#### Exercise goal
Starting at the line with "Dane katalogowe modelu MULS TEHNOS", return every line through the final one of the data, word for word. Pictures stay out.

-=-=-

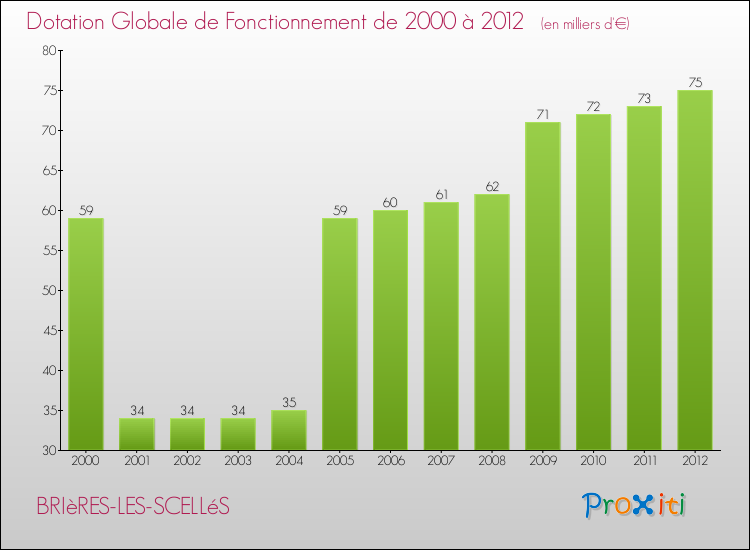 Evolution du montant de la Dotation Globale de Fonctionnement pour la commune de BRIèRES-LES-SCELLéS de 2000 à 2012 Evolution du montant de la Dotation Globale de Fonctionnement pour BRIèRES-LES-SCELLéS de 2000 à 2012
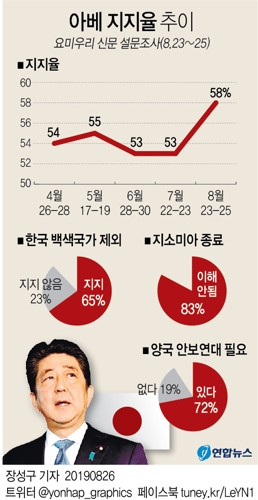 日아베 지지율 5%p 상승…日국민 65% "韓백색국가 제외 지지" - 2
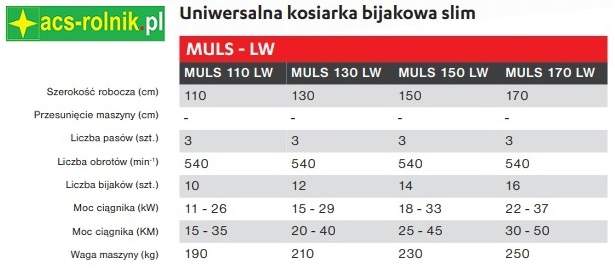 Dane katalogowe modelu MULS TEHNOS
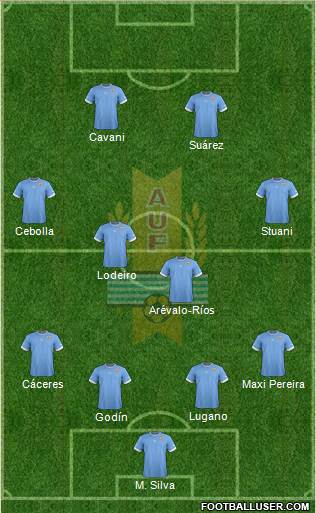 Uruguay Formation 2013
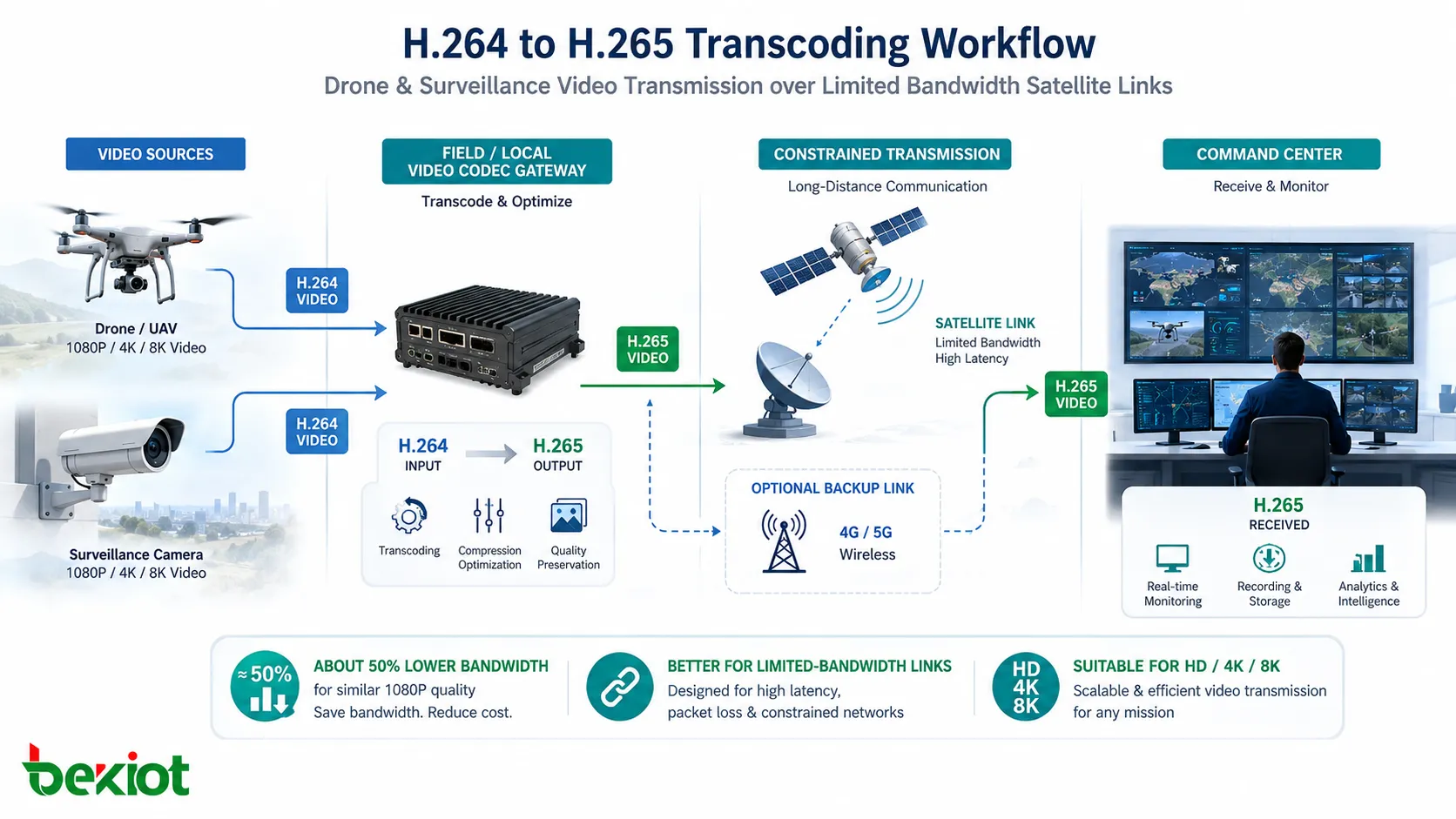 Flujo de transcodificación de H264 a H265 para transmisión de video de drones y vigilancia mediante enlaces satelitales de ancho de banda limitado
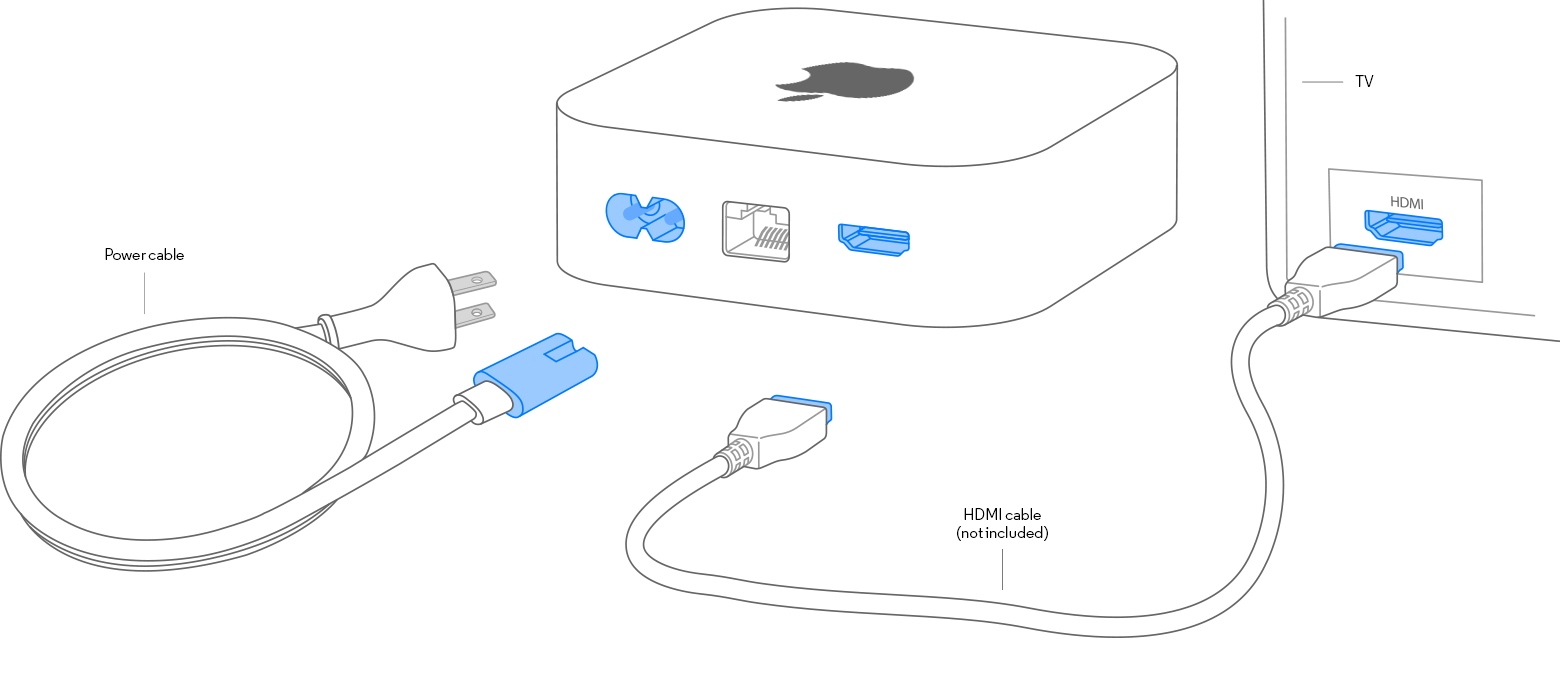 hellig etnisk omfattende Apple TV | Setup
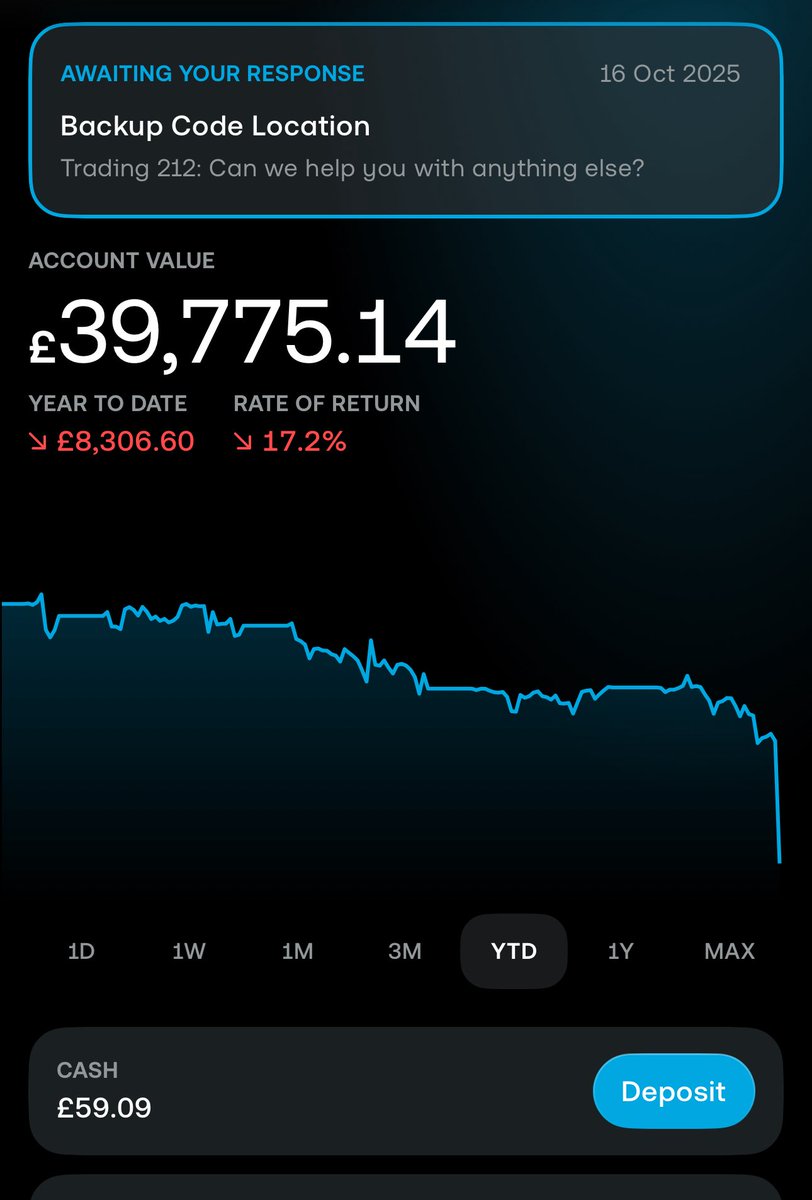 SaqibStocks's tweet photo. GUYS PLEASE GIMME SOME SPACE TO BREATHE AHHAHAHAHAHA 😆😆 I’ve lost all the profit I’ve made since investing in the stock market https://t.co/l7ItrOuArb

-=-=-

#### Exercise output
 Dane katalogowe modelu MULS TEHNOS
 Uruguay Formation 2013
 Flujo de transcodificación de H264 a H265 para transmisión de video de drones y vigilancia mediante enlaces satelitales de ancho de banda limitado
 hellig etnisk omfattende Apple TV | Setup
 SaqibStocks's tweet photo. GUYS PLEASE GIMME SOME SPACE TO BREATHE AHHAHAHAHAHA 😆😆 I’ve lost all the profit I’ve made since investing in the stock market https://t.co/l7ItrOuArb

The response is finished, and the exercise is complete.